There have been a few threads over the years about how to declare a function argument as “iterable” somehow, for example in Iterable type signature? .
For me (at least in my latest situation) the important part isn’t that I declare something as iterable, it’s declaring what kind of items the iteration returns. In other words, I’m fine accepting a Vector{T}, or a Base.Generator{T}, or a Tuple{T}, or an AbstractRange{T}, or whatever, but it’s important to specify what that T is.
Maybe one option is to do “casting” inside the function body?
julia> function do_stuff(a, b)
for (ai::Int, bi::Int) in zip(a, b)
println("$ai: $bi")
end
end
do_stuff (generic function with 1 method)
julia> do_stuff([1, 2], [4, 5])
1: 4
2: 5
julia> do_stuff([1, 2], [4.0, 5.0])
1: 4
2: 5
julia> do_stuff([1, 2], ["4", "5"])
ERROR: MethodError: Cannot `convert` an object of type String to an object of type Int64
I think that basically accepts the right inputs and raises an error otherwise, but I don’t love the type error being uncaught until execution time of that function. Any progress on declarations here that I’ve missed over the past few years, that would let me express that those arguments must return a specific type when iterated upon?
Note that you can actually catch this error at compile time:
julia> using JET
julia> function do_stuff(a, b)
for (ai::Int, bi::Int) in zip(a, b)
println("$ai: $bi")
end
end
do_stuff (generic function with 1 method)
julia> report_opt(do_stuff, (Vector{Int}, Vector{String}))
═════ 1 possible error found ═════
┌ do_stuff(a::Vector{Int64}, b::Vector{String}) @ Main ./REPL[18]:2
│ runtime dispatch detected: convert(Int, %69::String)
└────────────────────
The issue here is defining what Iterable means. You’d think that, it means hasmethod(iterate, (T,)) -> true. But alas, iterate is defined on all sorts of scalars, including Int. Also, someone could do some like
struct T end
Base.iterate(::T) = error("T is not Iterable")
Many iterables simply don’t know what type they’ll return until they actually generate a value. They definitionally won’t know if they’re ok until runtime.
Adding implicit or explicit checks can be a good solution.

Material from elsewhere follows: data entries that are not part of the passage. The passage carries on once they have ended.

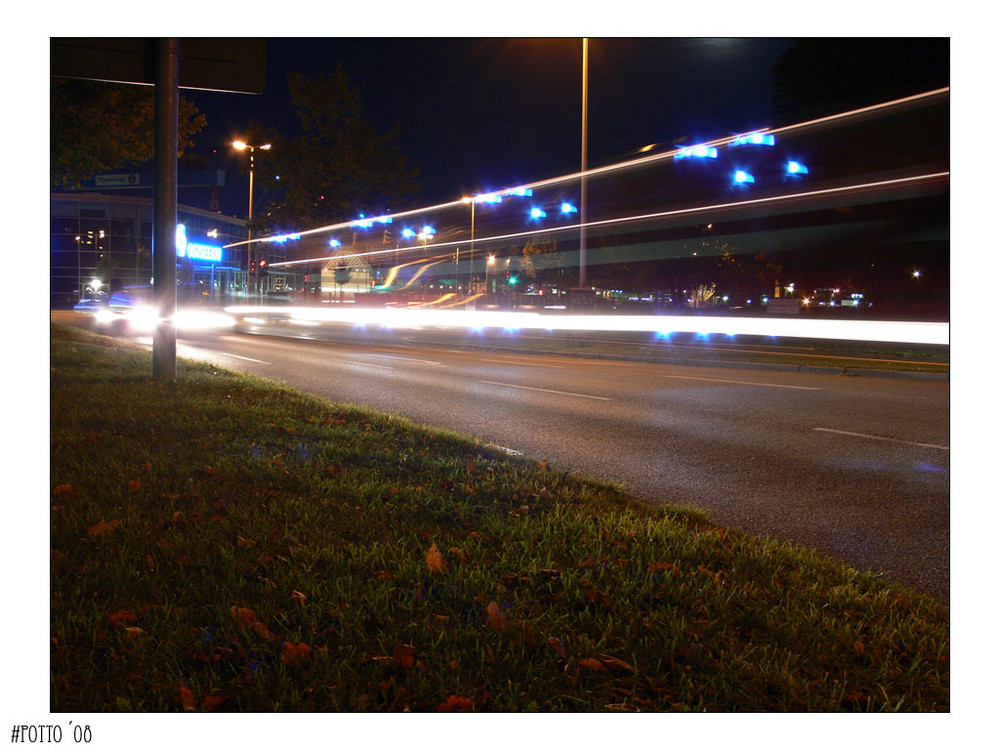 Kieler Förde @ night - Langzeitbelichtung Krankenwagen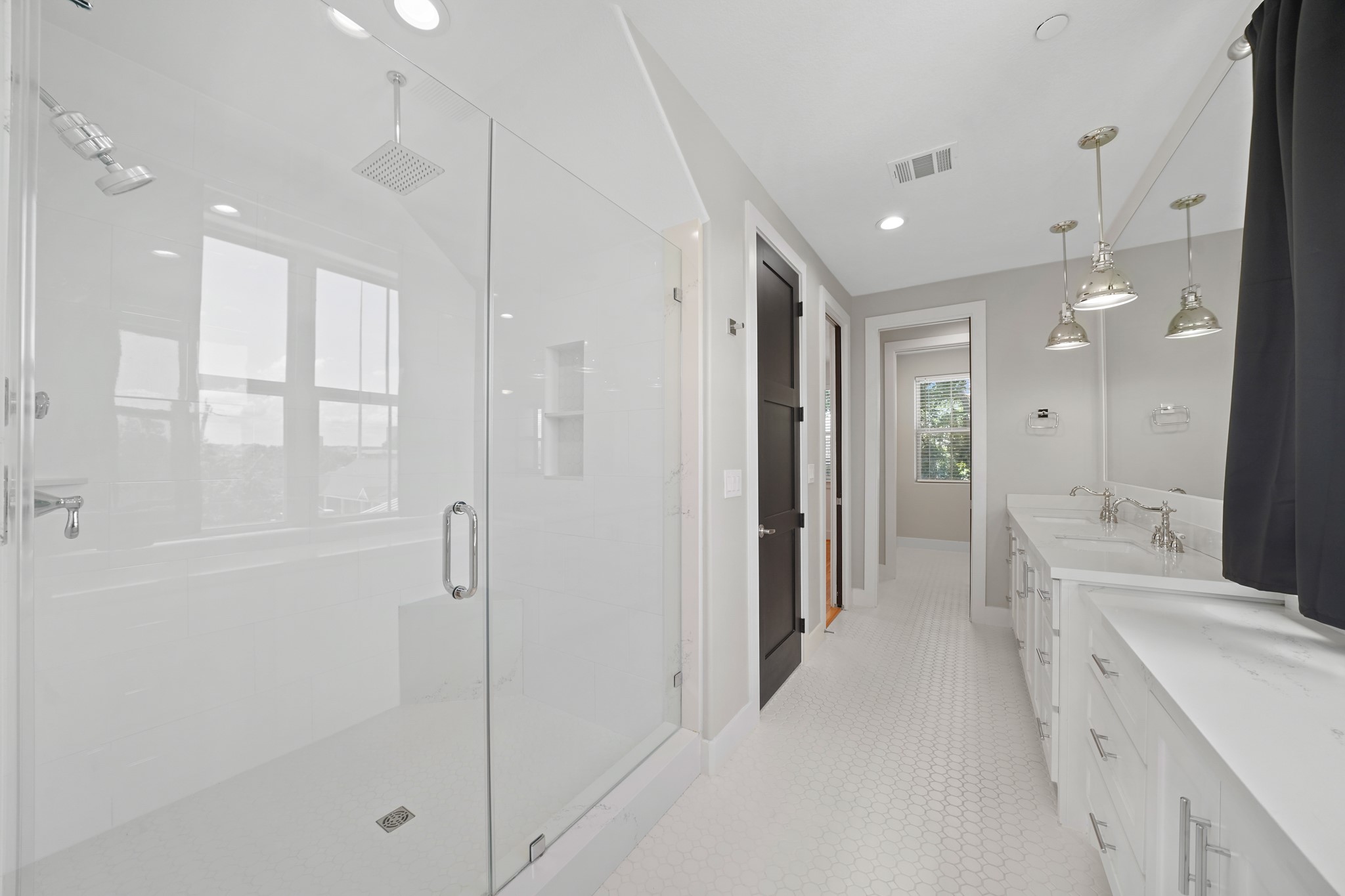 5343 Larkin Street Houston, TX 77007 - Photo 9 of 21 a bathroom with a shower a sink and a mirror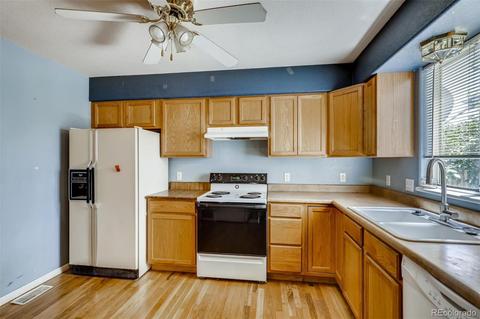 18668 E 17th Ave, Aurora, CO 80011 photo 4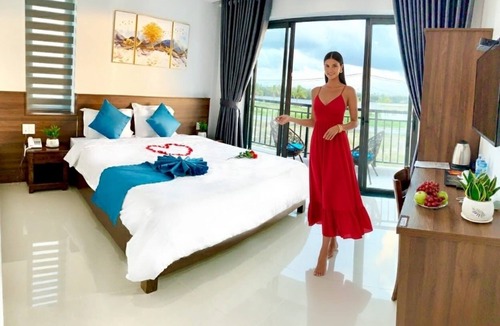 Cam An Villa | Entire Villa - Pool, 10 Bedrooms, Beach ,Game Room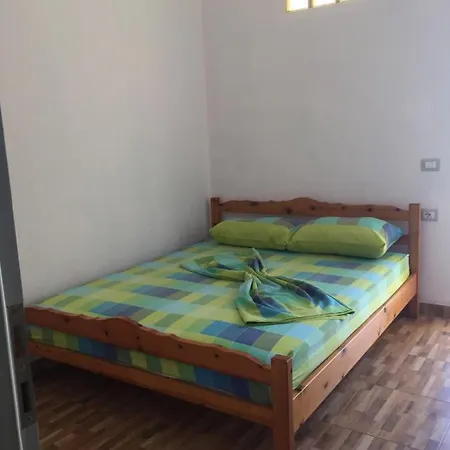 Hill Apartaments Aparthotel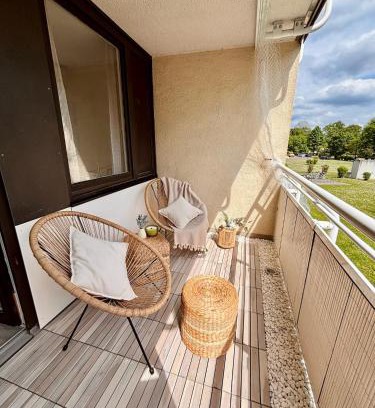 Nordwest Apartamento | Stylish studio apartment with beautiful terrace near Audi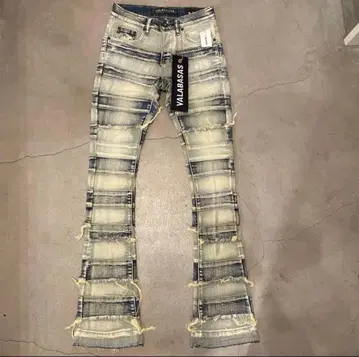 VALABASAS 발라바사스 부츠컷 데님 새상품 사이즈 29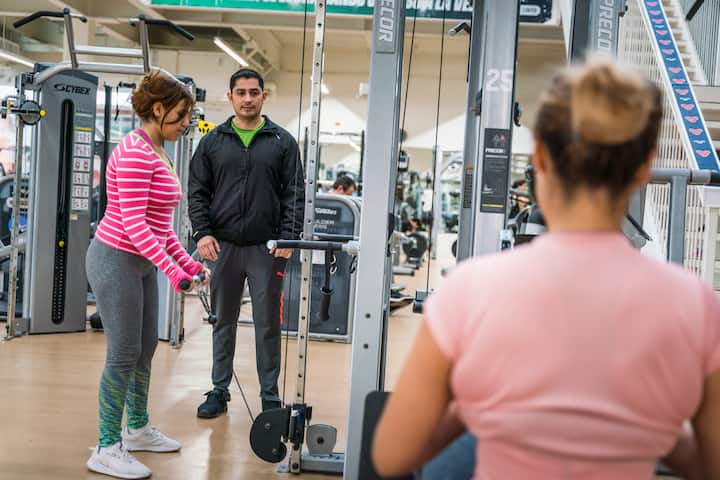 Drei Angestellte im Femsa-Gym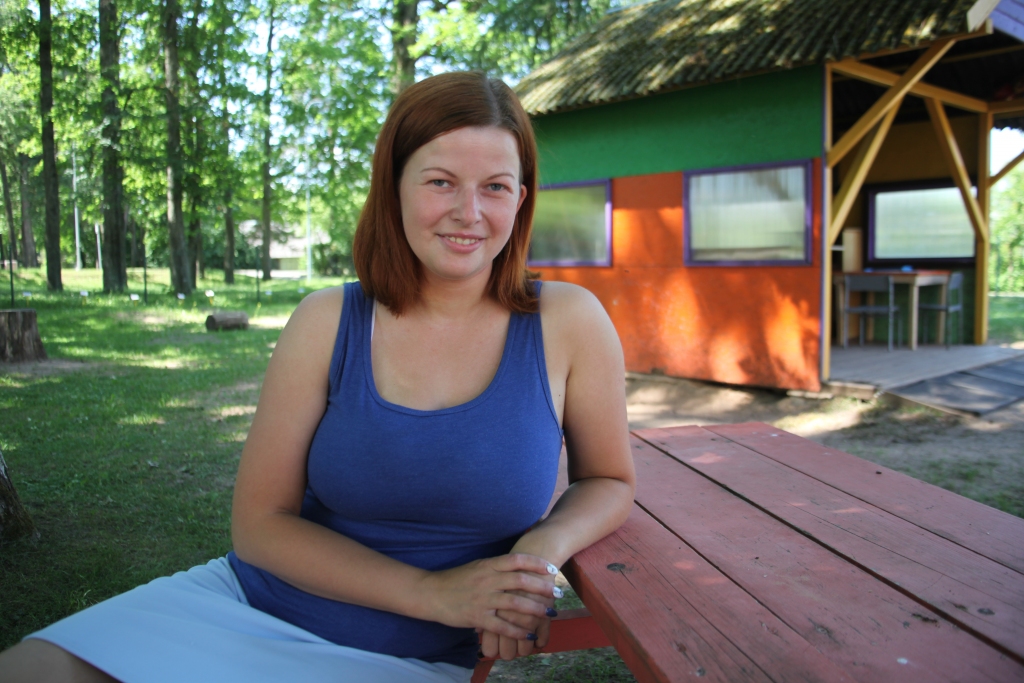 Gulbeniete Annija Ceriņa priecājas, ka darba ziņā viņai te ir, ko darīt. Tagad viņa strādā bērnudārzā, bet ar rudeni sāks darbu Valdorfa pamastkolā Gulbenē.
Autors: Gatis Bogdanovs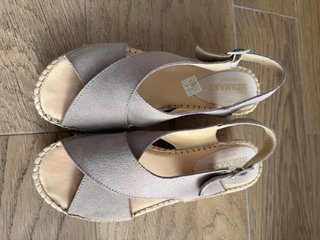 Sandalias Casa Hernanz Nude/Grisáceo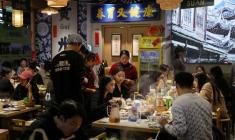 Des clients dînent dans un restaurant à Pékin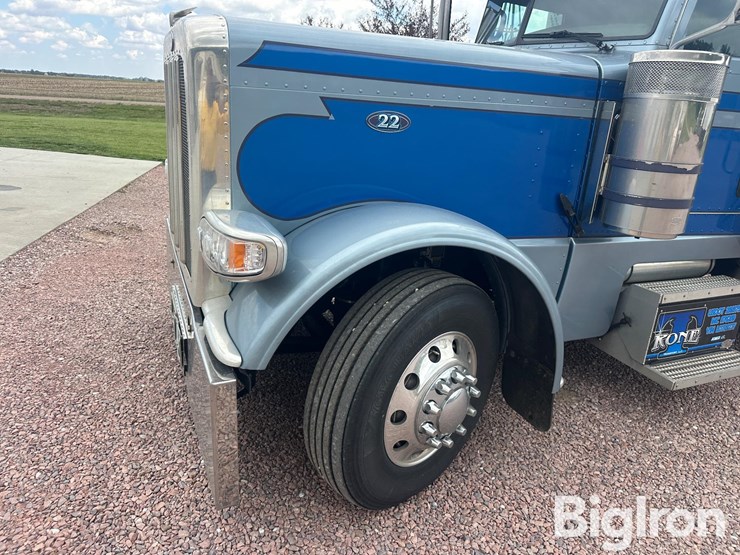 2020-peterbilt-389-image-13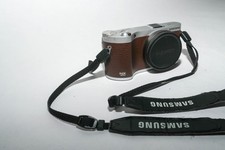 Samsung NX300 Systemkamera – Body ohne Objektiv -Braun -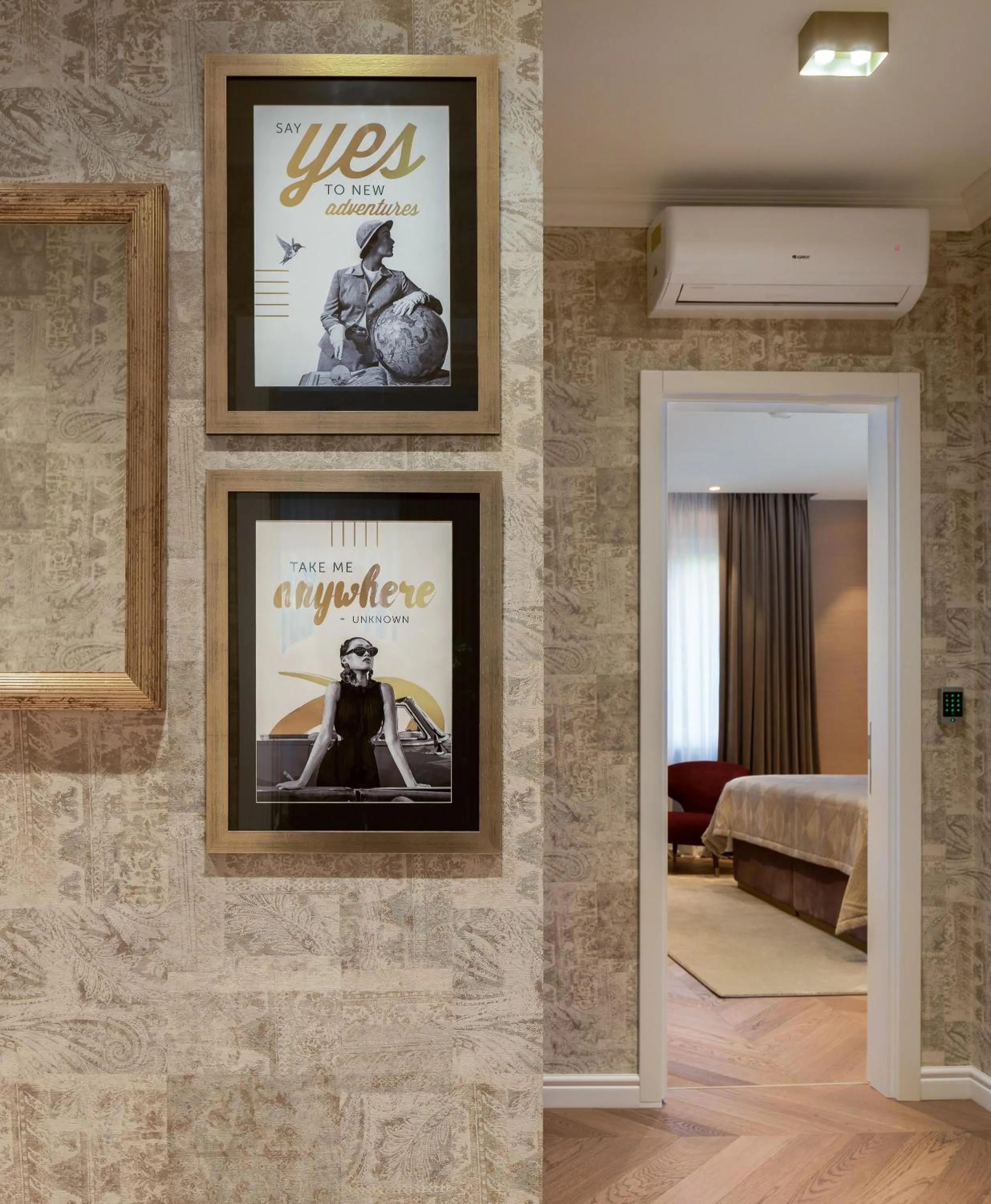 Lobby or reception in Five Elements Luxury Rooms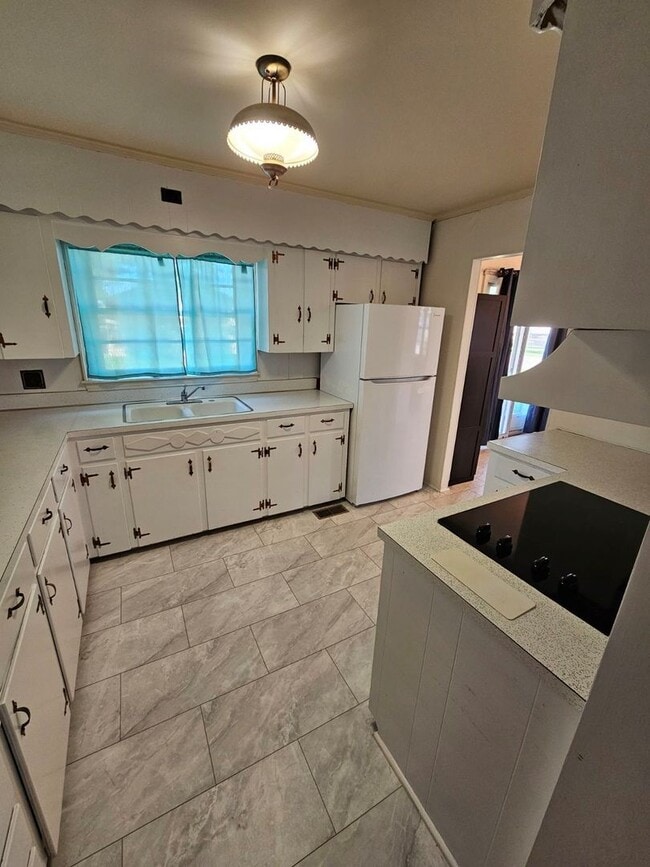 Building Photo - 3-Bedroom Home in Sparta with Hardwood Floors, Carport & Covered Porches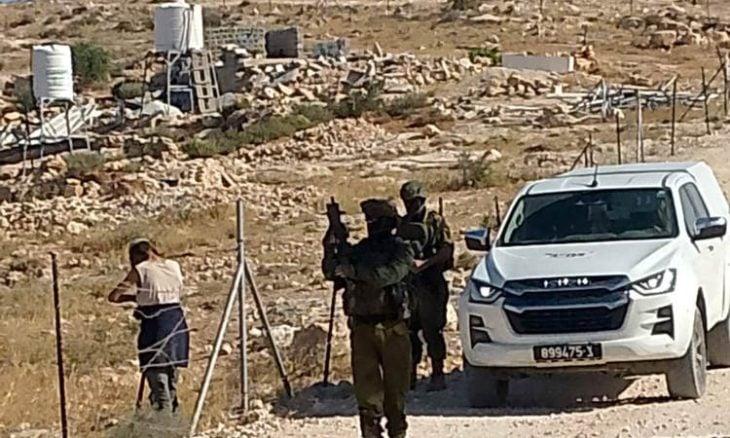 الضفة.. مستوطنون يهاجمون عائلة فلسطينية ويستولون على مأواها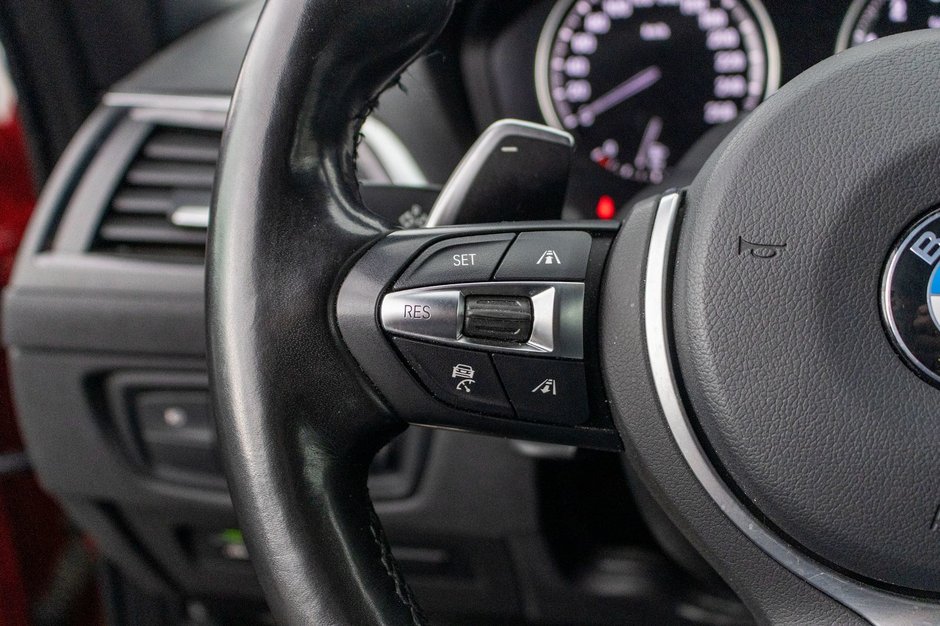 BMW 2 Series 230i xDrive MPACK ROUGE CUIR NAV 2021 BAS KILO PAS DE RECLAMATION AU CARFAX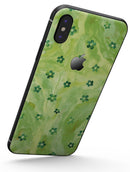 Cute Watercolor Flowers over Green - iPhone X Skin-Kit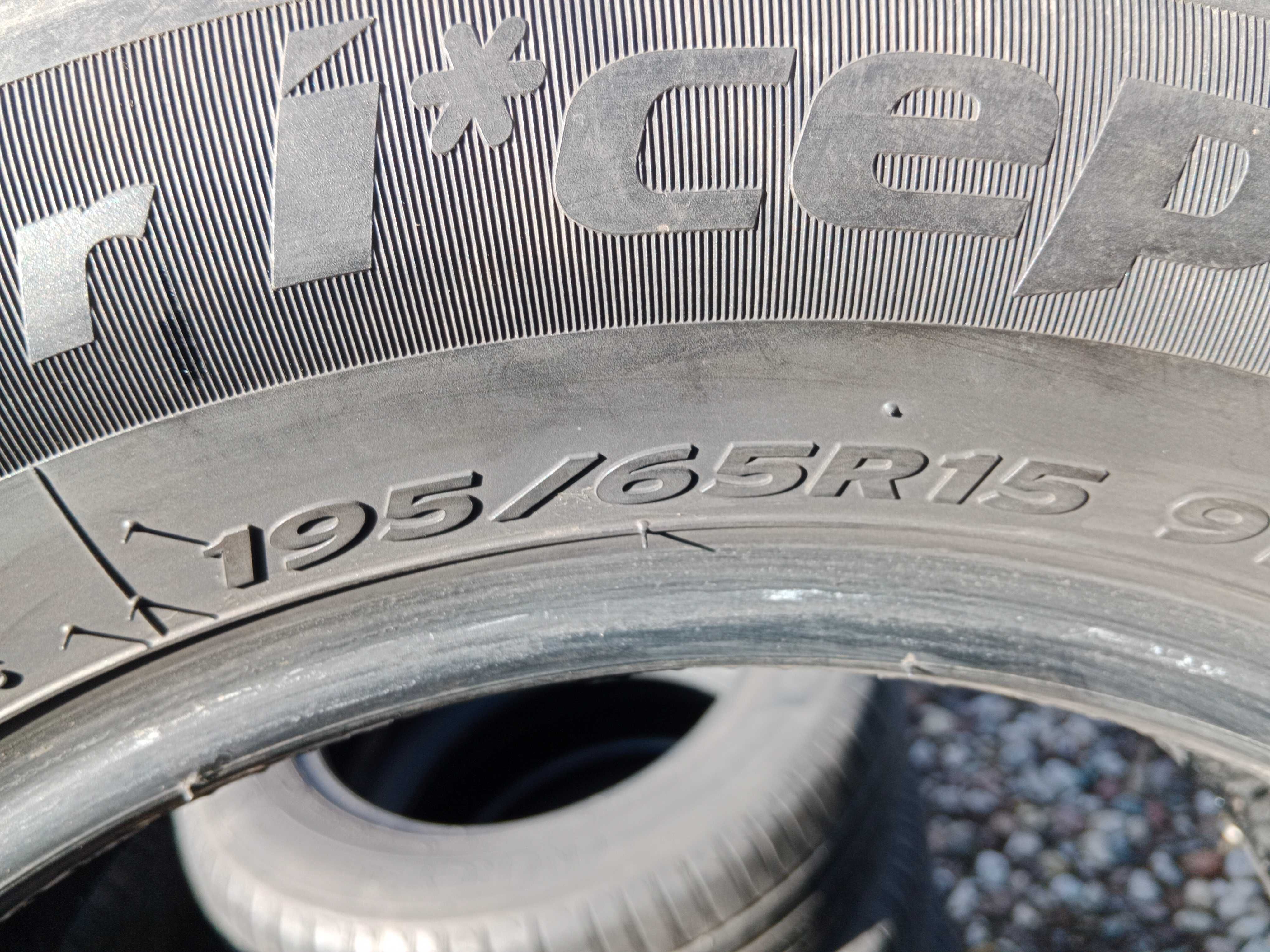 Opona używana zimowa 195/65R15 Hankook Winter i Cept Evo 1szr.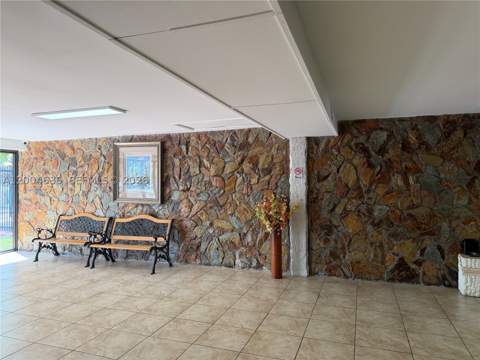 6950 W 6th Ave 412, Hialeah FL - photo 13 of 14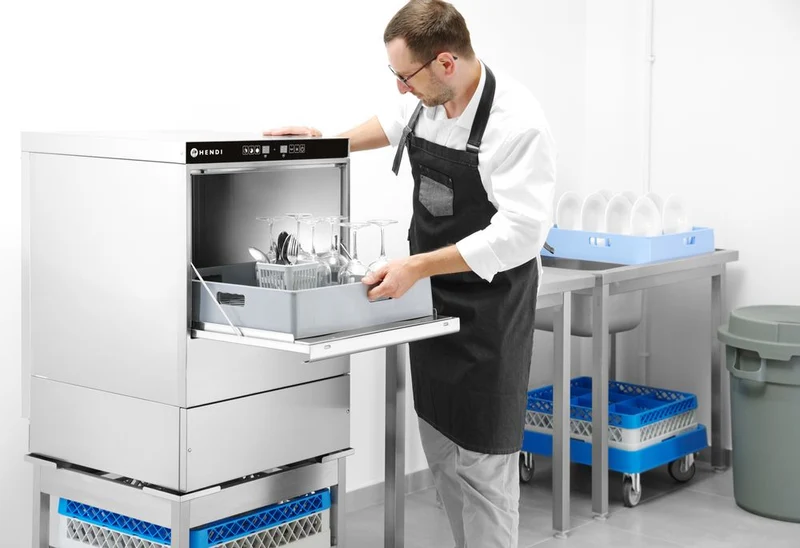 HENDI Geschirrspüler 50 × 50 - elektronische Steuerung – Kitchen Line – 400 V / 6600 W – 570 × 600 × 830 mm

It’s a counter example to the statement “The existence of the iterate method implies that an object is non-scalar/a container of elements” which I think is a reasonable definition of the word “Iterable” (even if it is not correct in the context of Julia).
It’s not a counter example though. Ints are containers of elements in julia (specifically, containers of a single element). Julia is just a little weird in that “scalar” doesn’t necessarily mean the opposite of “container of elements”.
julia> length(1)
1
julia> map(x -> 2x, 1)
2
julia> [x/2 for x in 1]
0-dimensional Array{Float64, 0}:
0.5
julia> collect(1)
0-dimensional Array{Int64, 0}:
1
NB: there’s a difference between declaring the type of a variable, and doing a typeassert on some expression. In your code example you did the former, but from your words it seems like you expect the latter. The difference is that a typeassert just asserts a type, throwing otherwise, while assigning to a variable with declared type runs convert first. Which one you want depends on what exactly you’re doing.
That’s what eltype does. However, for arbitrary iterators it should be viewed as defined on a best-effort basis, that is, eltype(iterator) might return Any even if all elements are of the same type.
The best practice is usually to just do a typeassert. Assuming you really need it.
OP makes a list of examples and does not include any subtypes of Number which indicates to me that they mean Iterable in a colloquial sense (and in the sense used in other languages). Before programming in Julia, I certainly didn’t think about the number 1 as a container of numbers that only includes 1 but has no size.
I added my parenthetical aside at the end – “even though this is not true in Julia” because I’m aware that numbers are zero-dimensional array, but that’s in the FAQ because it is surprising when you first learn it. Or, at least, it was for me!